Congenital hip disease in adults. Classification of acetabular deficiencies and operative treatment with acetabuloplasty combined with total hip arthroplasty
- PMID: 8642024
- DOI: 10.2106/00004623-199605000-00007
Congenital hip disease in adults. Classification of acetabular deficiencies and operative treatment with acetabuloplasty combined with total hip arthroplasty
Abstract
We describe three distinct types of congenital hip disease in adults. The first type is dysplasia, in which the femoral head is contained within the original true acetabulum. The second type is low dislocation, in which the femoral head articulates with a false acetabulum, the inferior lip of which contacts or overlaps the superior lip of the true acetabulum, giving the appearance of two overlapping acetabula. The third type is high dislocation, in which the femoral head has migrated superoposteriorly and there is no contact between the true and the false acetabulum.

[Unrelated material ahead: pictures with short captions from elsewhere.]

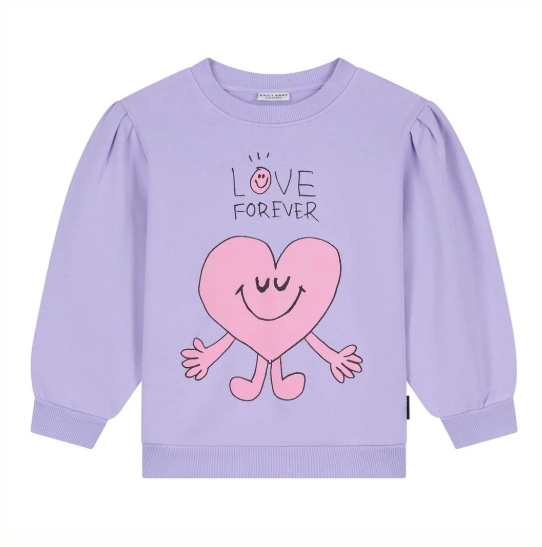 LOVE FOREVER SWEATER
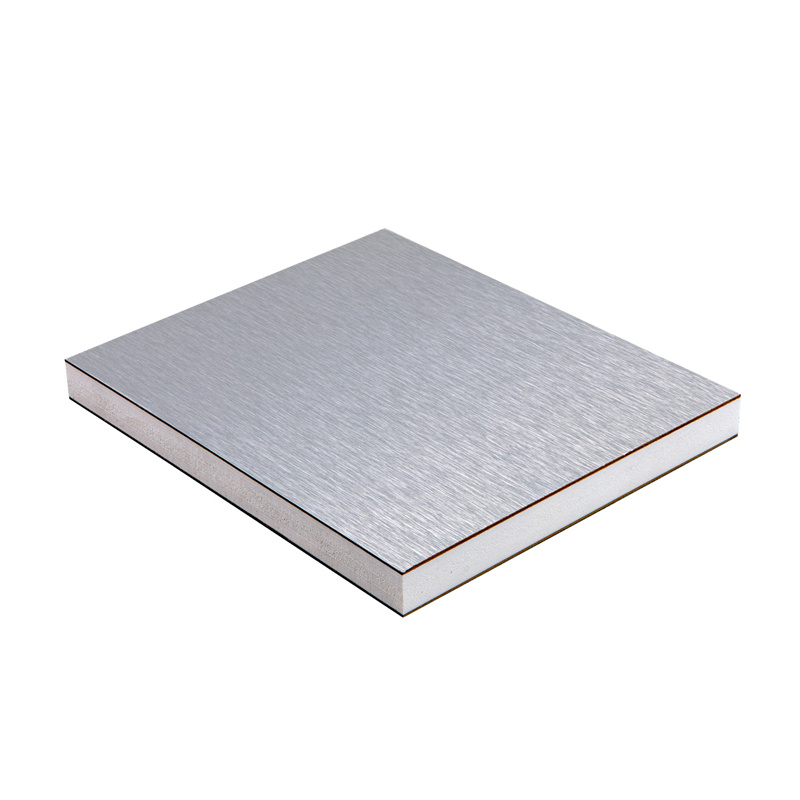 Aluminum HPL Plastic Products Laminated PVC Foam Sheet Boards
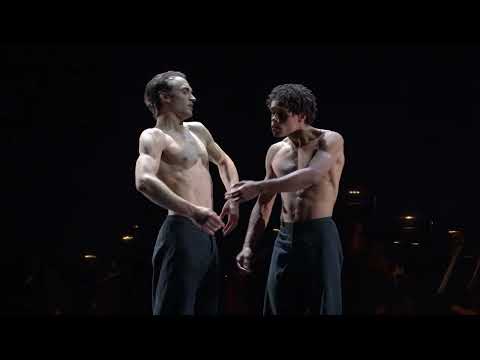 ✨ Del ballet a Broadway: Christopher Wheeldon.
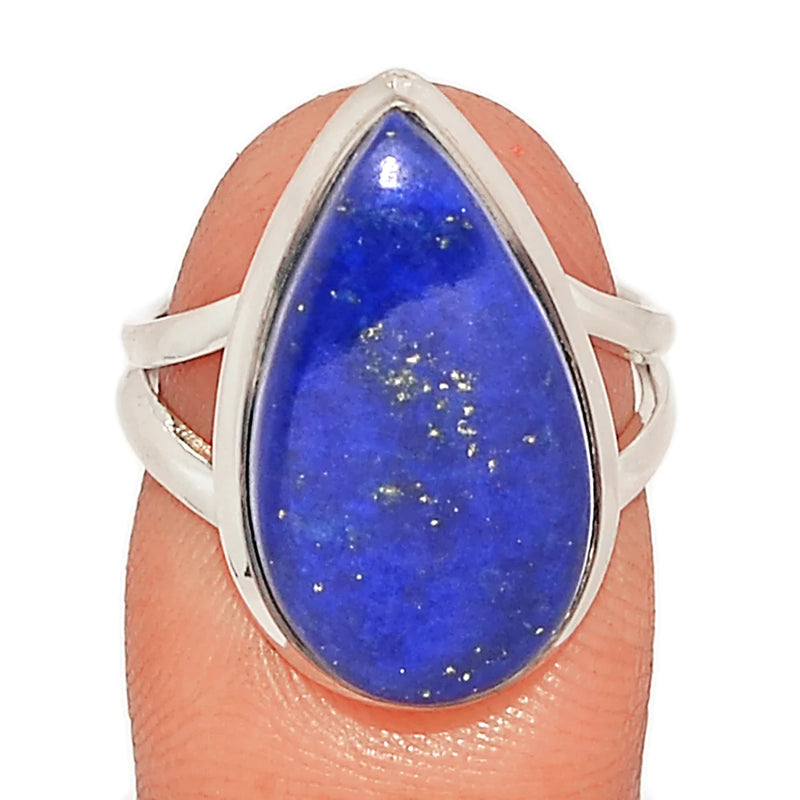 Lapis Ring - LPSR3162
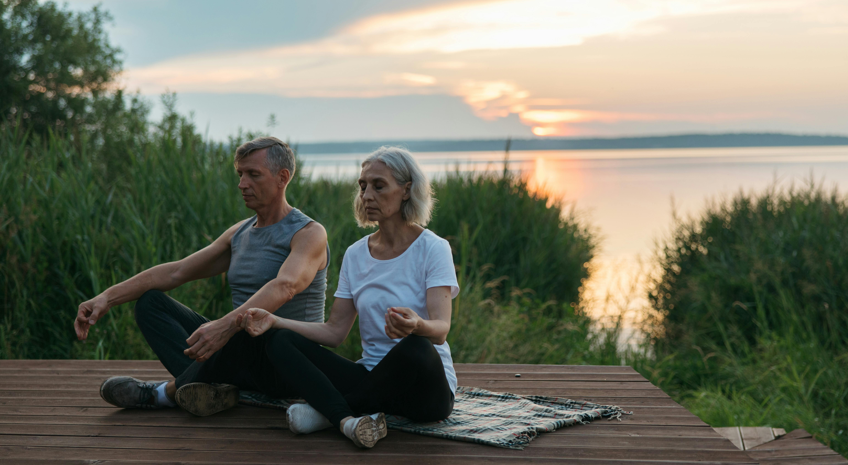 Meditation & Ausrichtung zum Jahresanfang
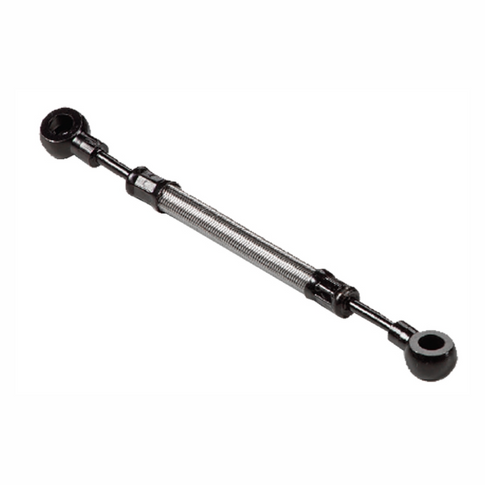 Latiguillo de aceite radiador/motor Pitbike YCF Ø 10/10 285mm inclinado YC110-23-014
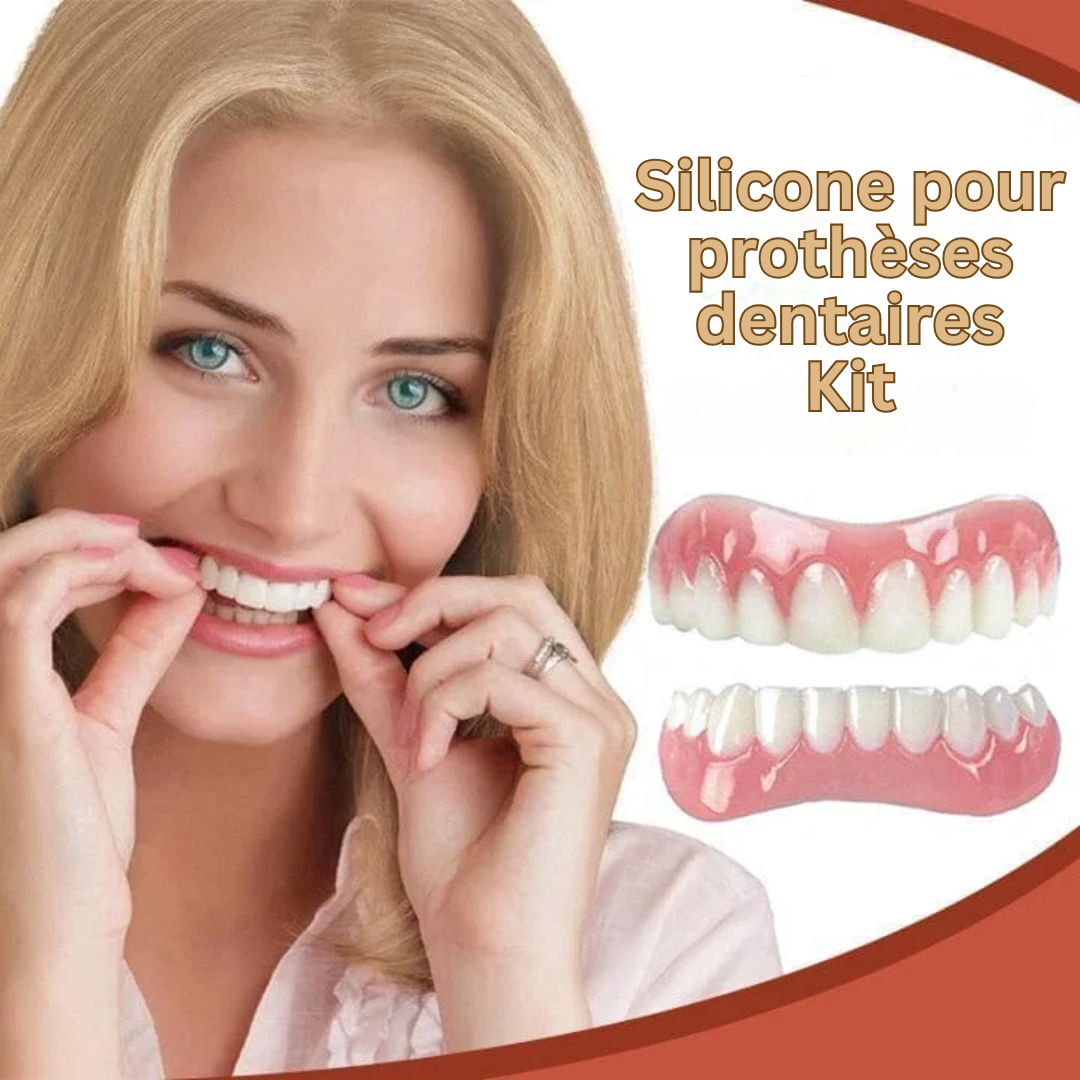 Cromos | Appareil Dentaire Ajustable Anti-Pression – SmileGuard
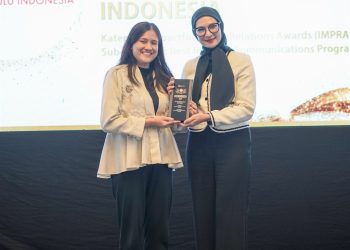 PT Pertamina Hulu Indonesia Raih Tujuh Penghargaan IABC Indonesia Awards 2026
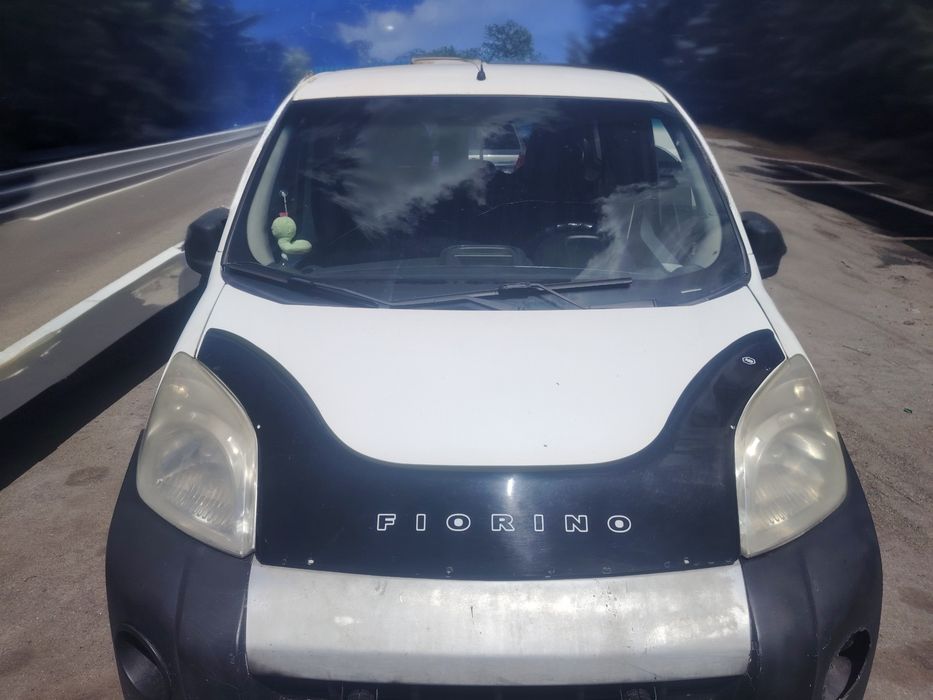 Продам Fiat Fiorino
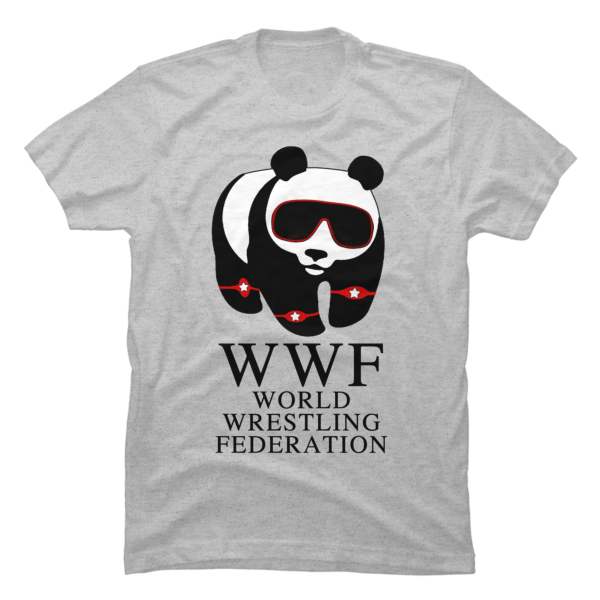world wildlife fund shirt
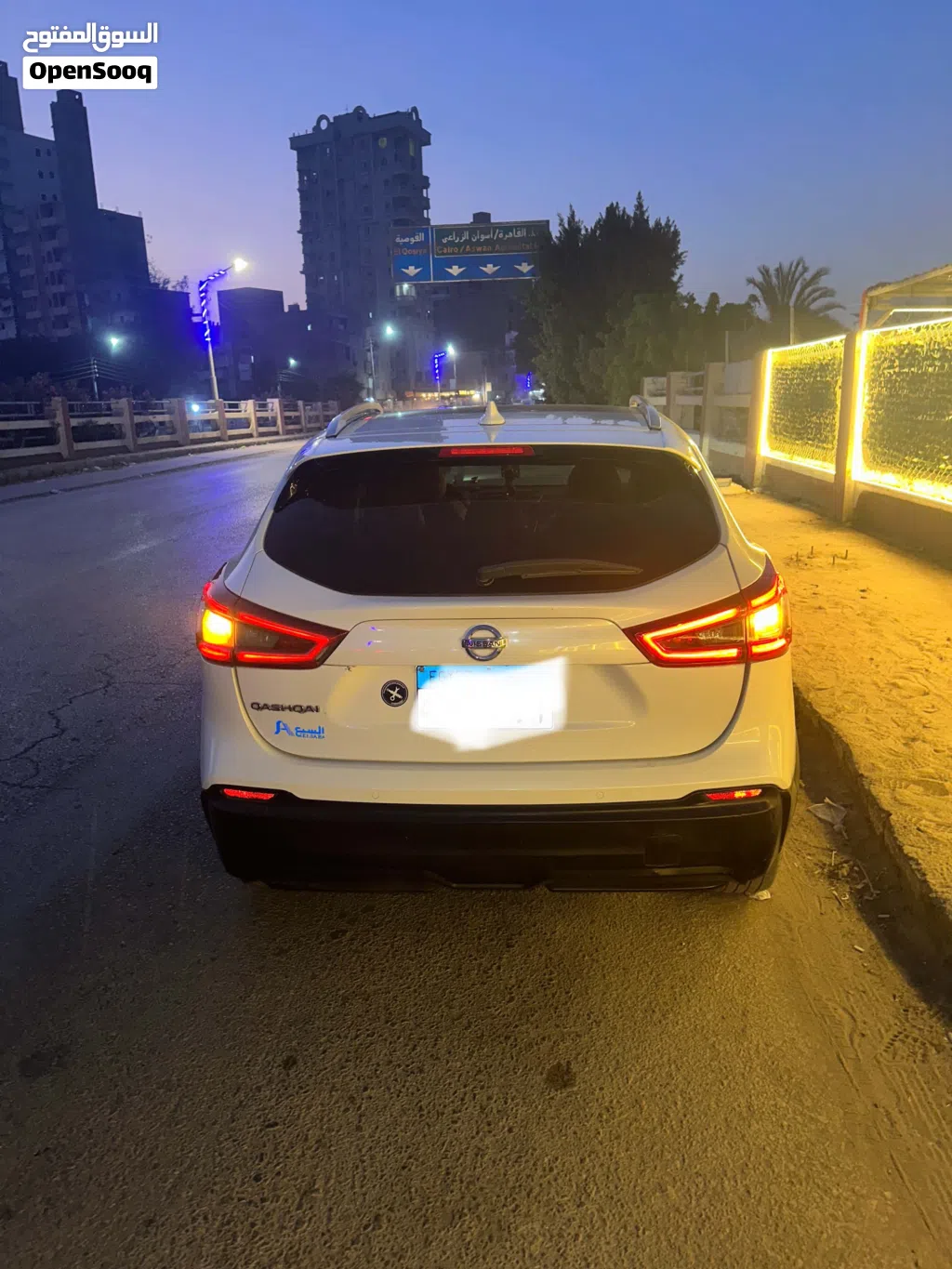 Nissan Qashqai SL Premium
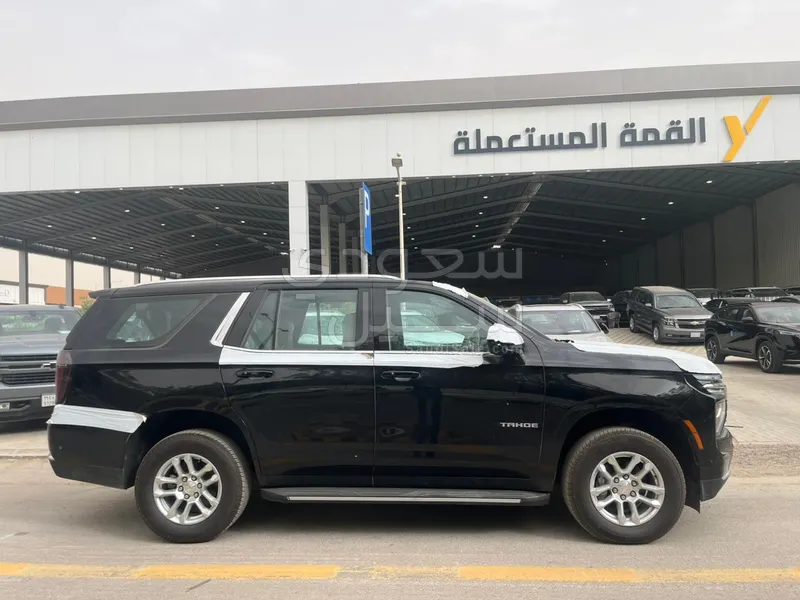 2025 شفروليه تاهو ال اس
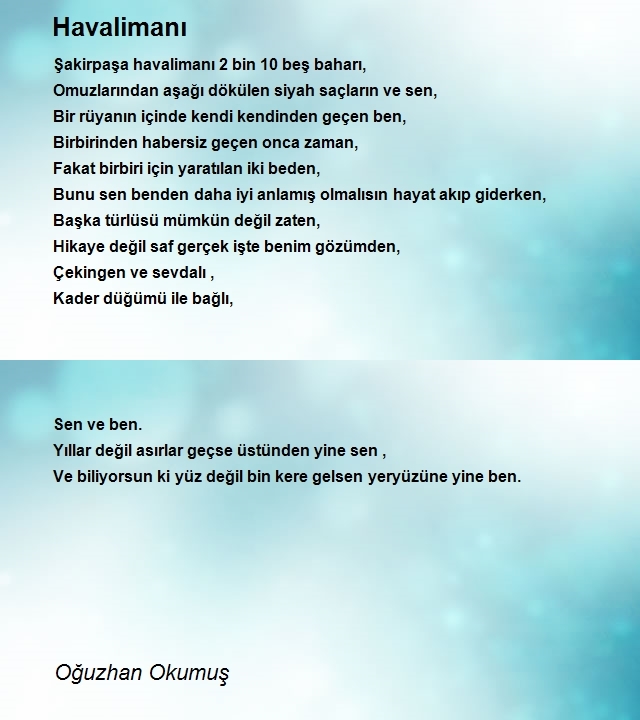 Oğuzhan Okumuş
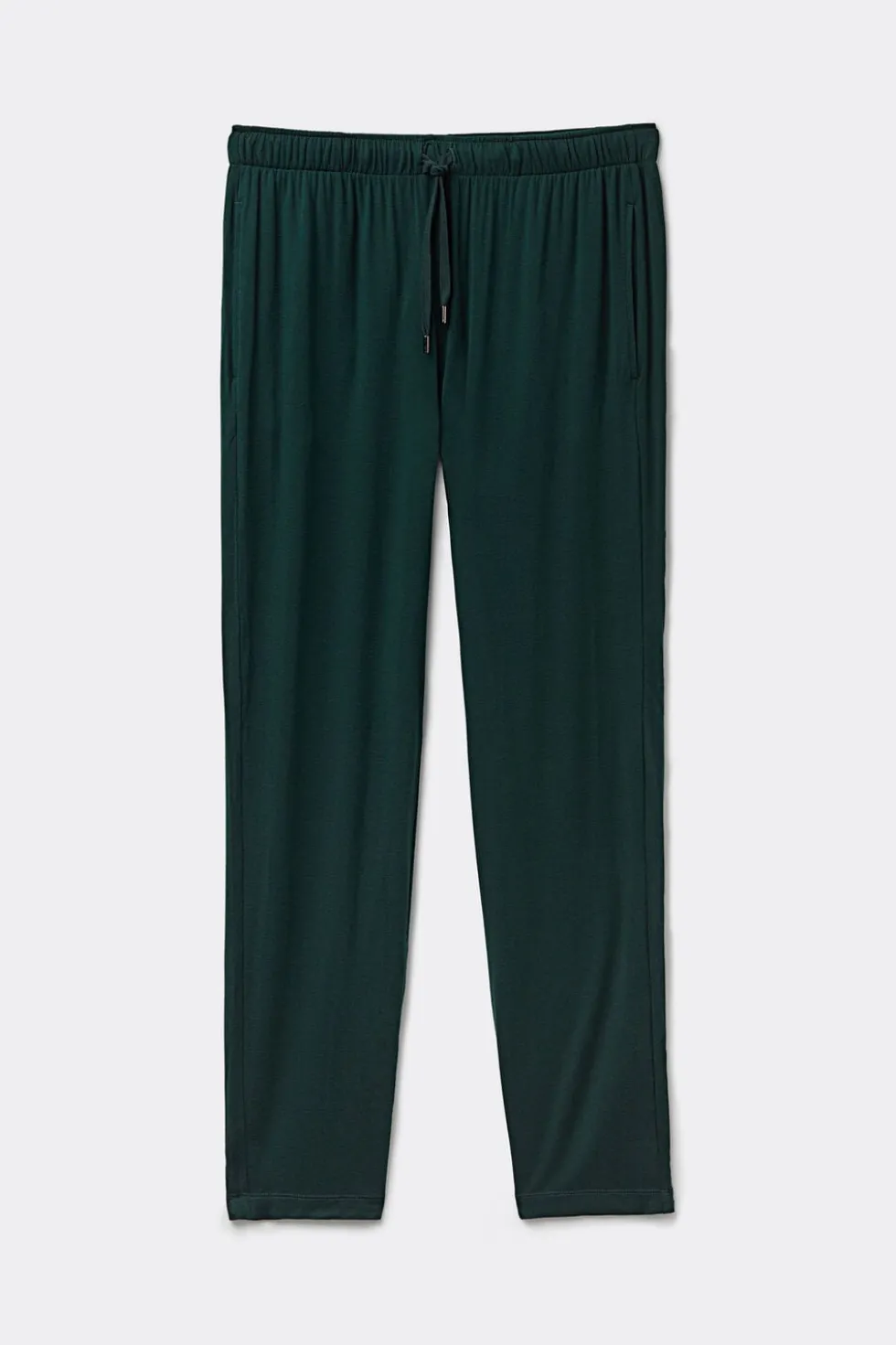 Silk and Modal Trousers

We describe and classify the acetabular abnormalities and deficiencies found with these three types. If the anterior, posterior, and superior aspects of the acetabular component cannot be covered during a total hip arthroplasty because of a deficient acetabulum in an adult who has congenital hip disease, we advocate and acetabuloplasty technique (which we have named a cotyloplasty) that involves medial advancement of the acetabular floor by the creation of a controlled comminuted fracture of its medial wall, autogenous bone-grafting, and the implantation of a small acetabular component with cement. This procedure was performed in sixty-six patients (eighty-six hips). Forty-nine of the hips had a high dislocation, thirty-one had a low dislocation, and six were dysplastic. Two to fifteen years (mean, seven years) after the operation, the clinical and radiographic results were satisfactory. Only two acetabular components needed to be revised for aseptic loosening, at 5.3 and 7.5 years postoperatively. Moreover, the cumulative success rate for the acetabular components was 100 percent at five years and 93.2 percent at ten years.